*EXERCISE INSTRUCTIONS*. No line before the one holding "Ghanaian Actor Seth" is to be copied; that line and all after it, through the end of the listing, are returned exactly, minus pictures.

--

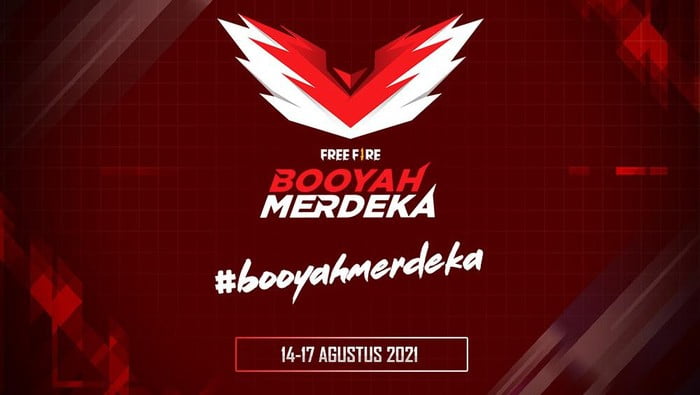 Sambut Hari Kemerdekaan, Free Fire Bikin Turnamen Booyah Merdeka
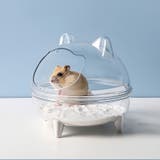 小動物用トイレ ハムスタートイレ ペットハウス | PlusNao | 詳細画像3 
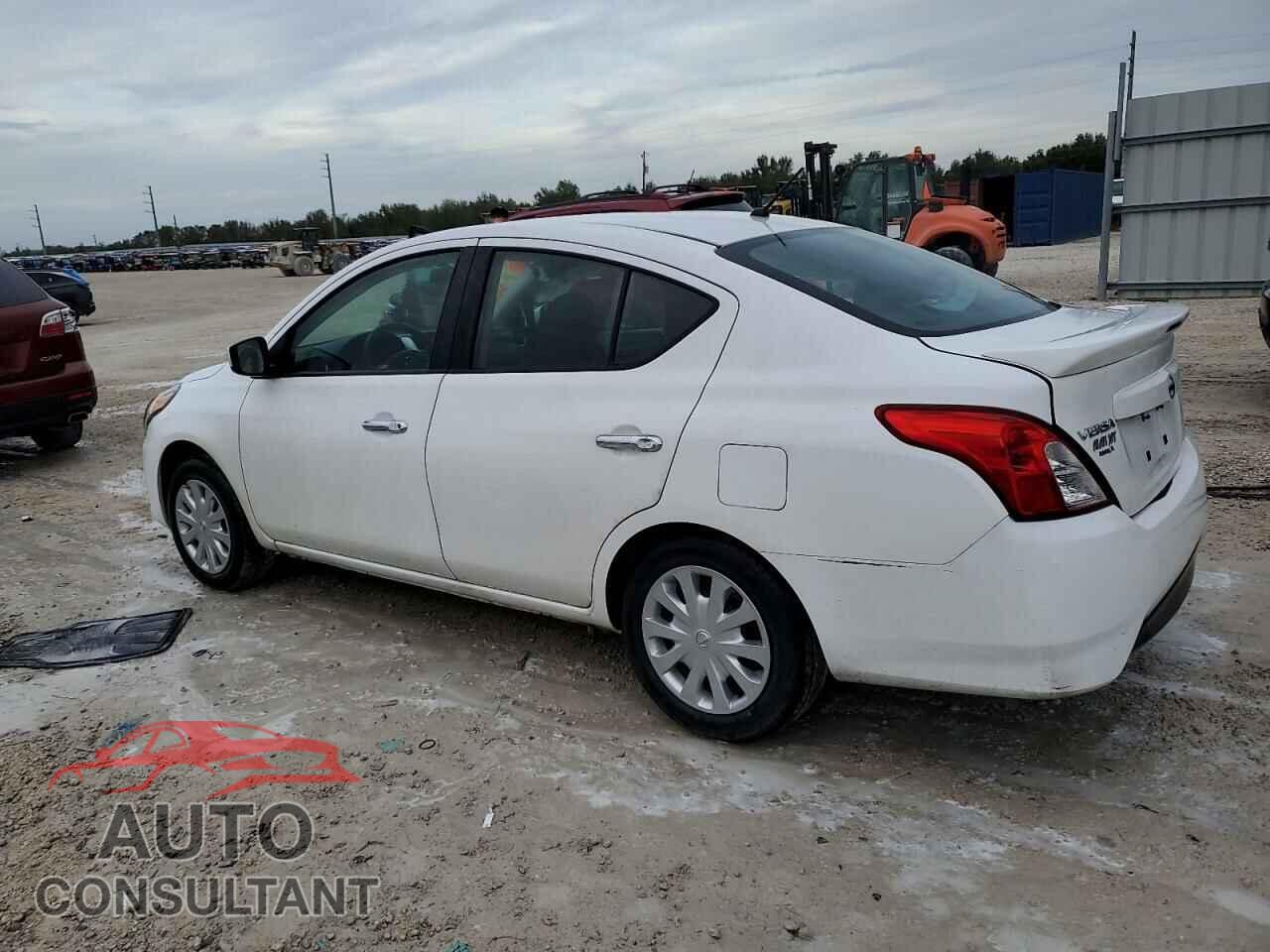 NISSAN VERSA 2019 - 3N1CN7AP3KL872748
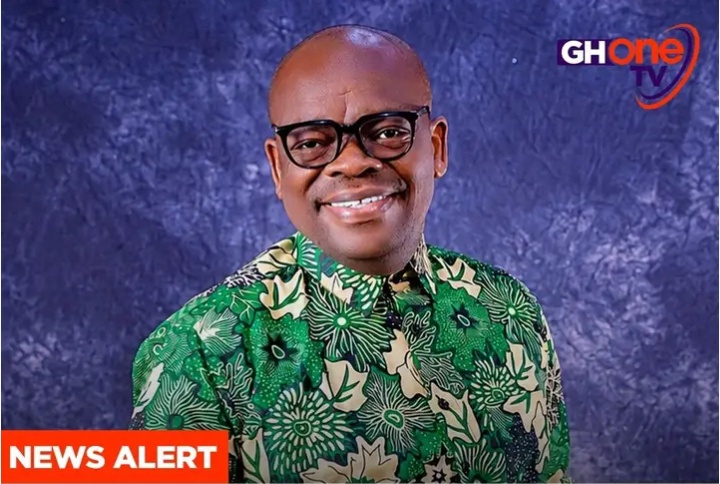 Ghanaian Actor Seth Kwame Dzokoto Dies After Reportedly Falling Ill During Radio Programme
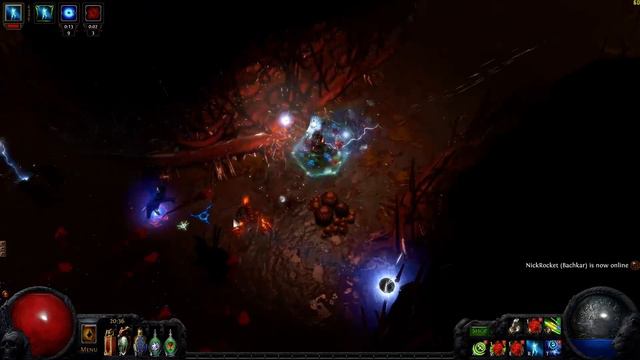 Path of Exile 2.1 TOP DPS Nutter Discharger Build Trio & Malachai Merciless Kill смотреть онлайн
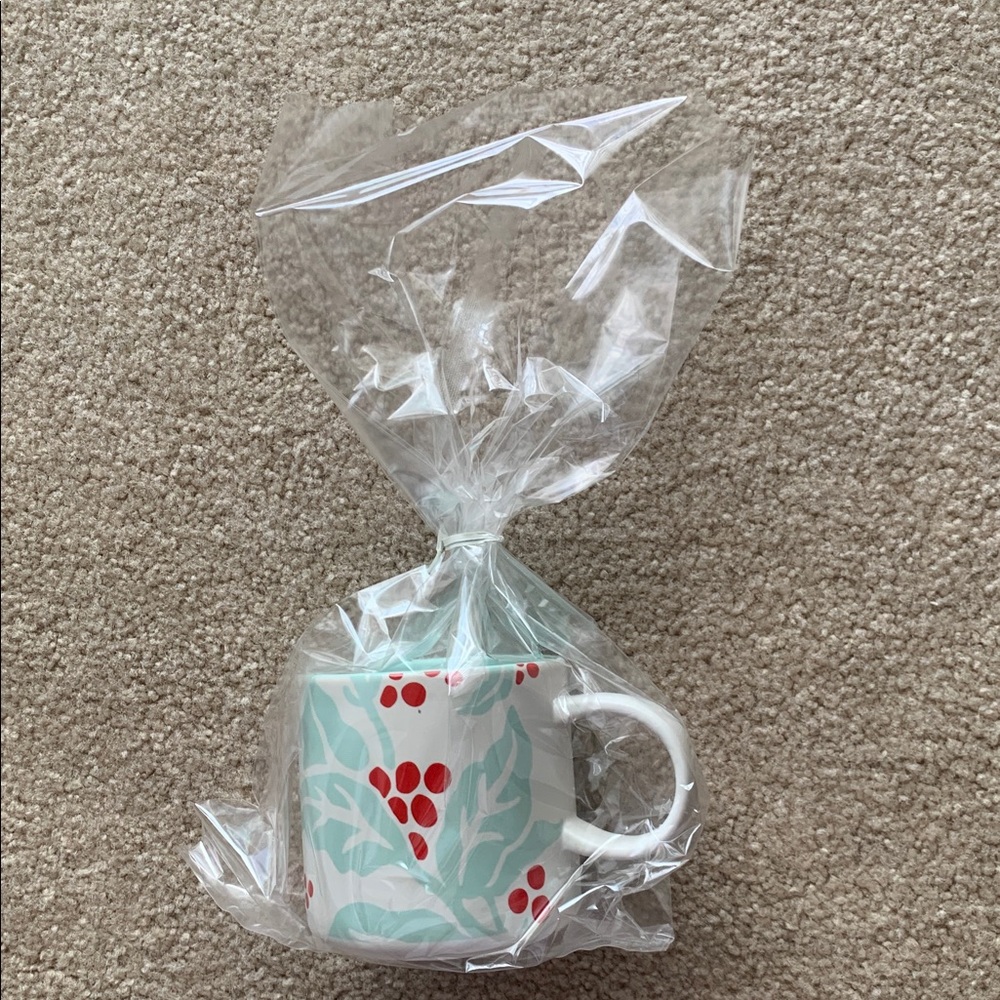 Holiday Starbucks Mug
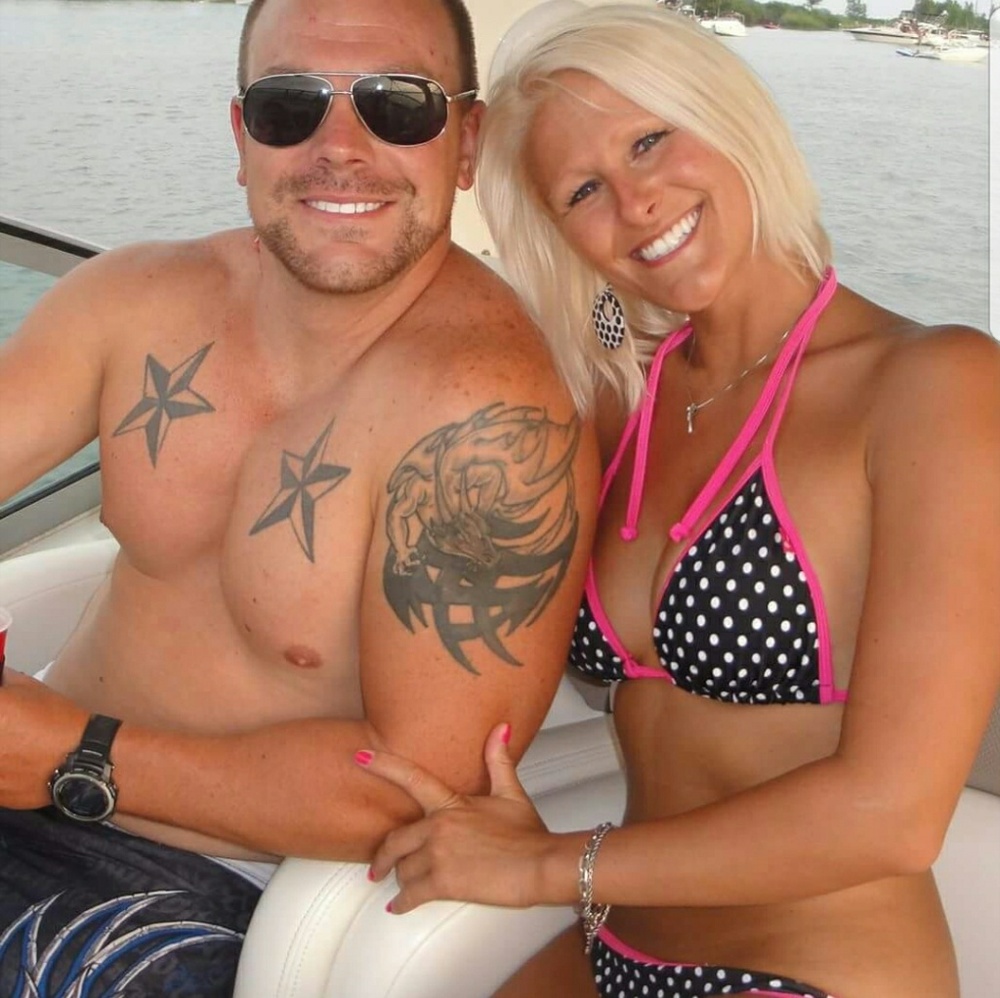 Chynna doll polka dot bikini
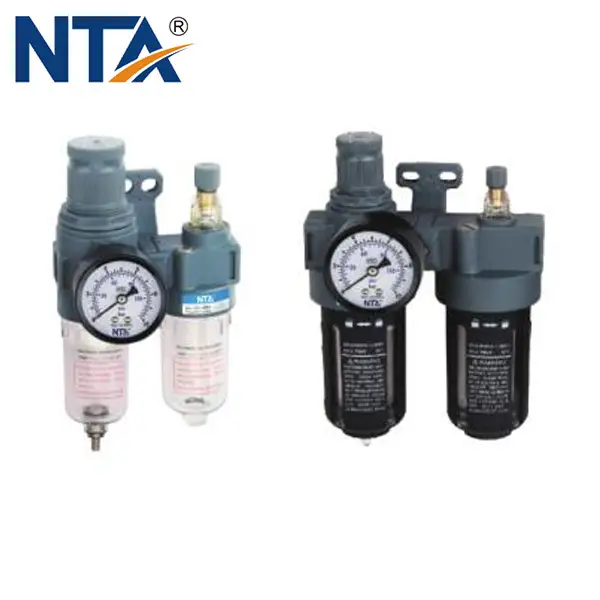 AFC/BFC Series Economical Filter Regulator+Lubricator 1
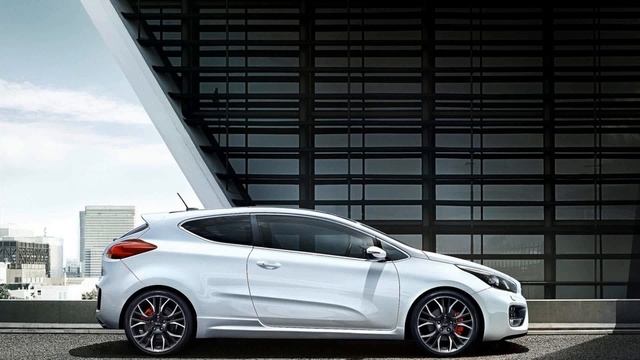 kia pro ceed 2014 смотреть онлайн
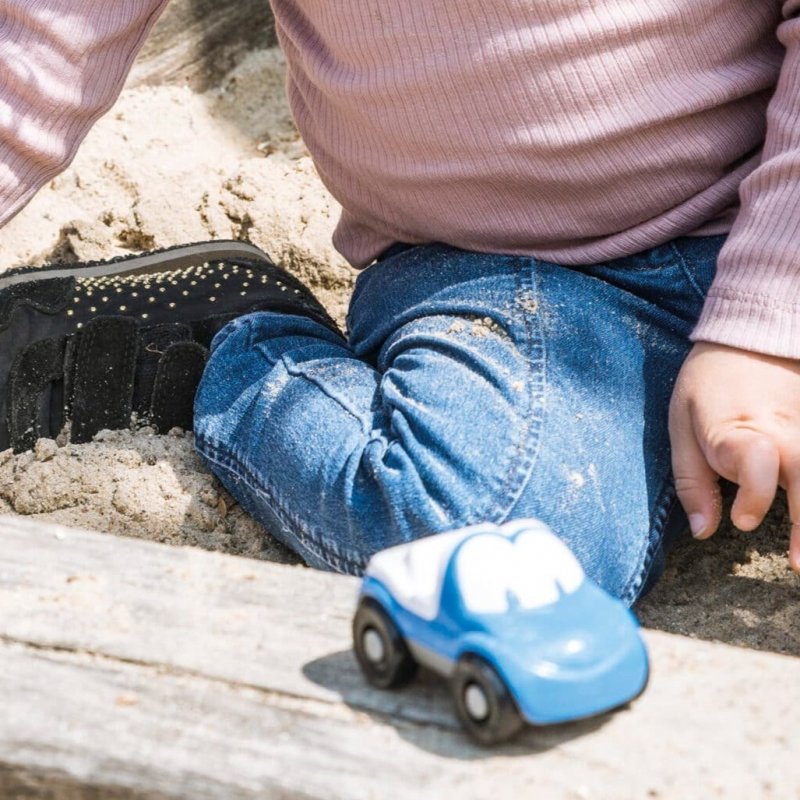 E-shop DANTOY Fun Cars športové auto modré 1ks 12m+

--

*SOLUTION*.
 Ghanaian Actor Seth Kwame Dzokoto Dies After Reportedly Falling Ill During Radio Programme
 Path of Exile 2.1 TOP DPS Nutter Discharger Build Trio & Malachai Merciless Kill смотреть онлайн
 Holiday Starbucks Mug
 Chynna doll polka dot bikini
 AFC/BFC Series Economical Filter Regulator+Lubricator 1
 kia pro ceed 2014 смотреть онлайн
 E-shop DANTOY Fun Cars športové auto modré 1ks 12m+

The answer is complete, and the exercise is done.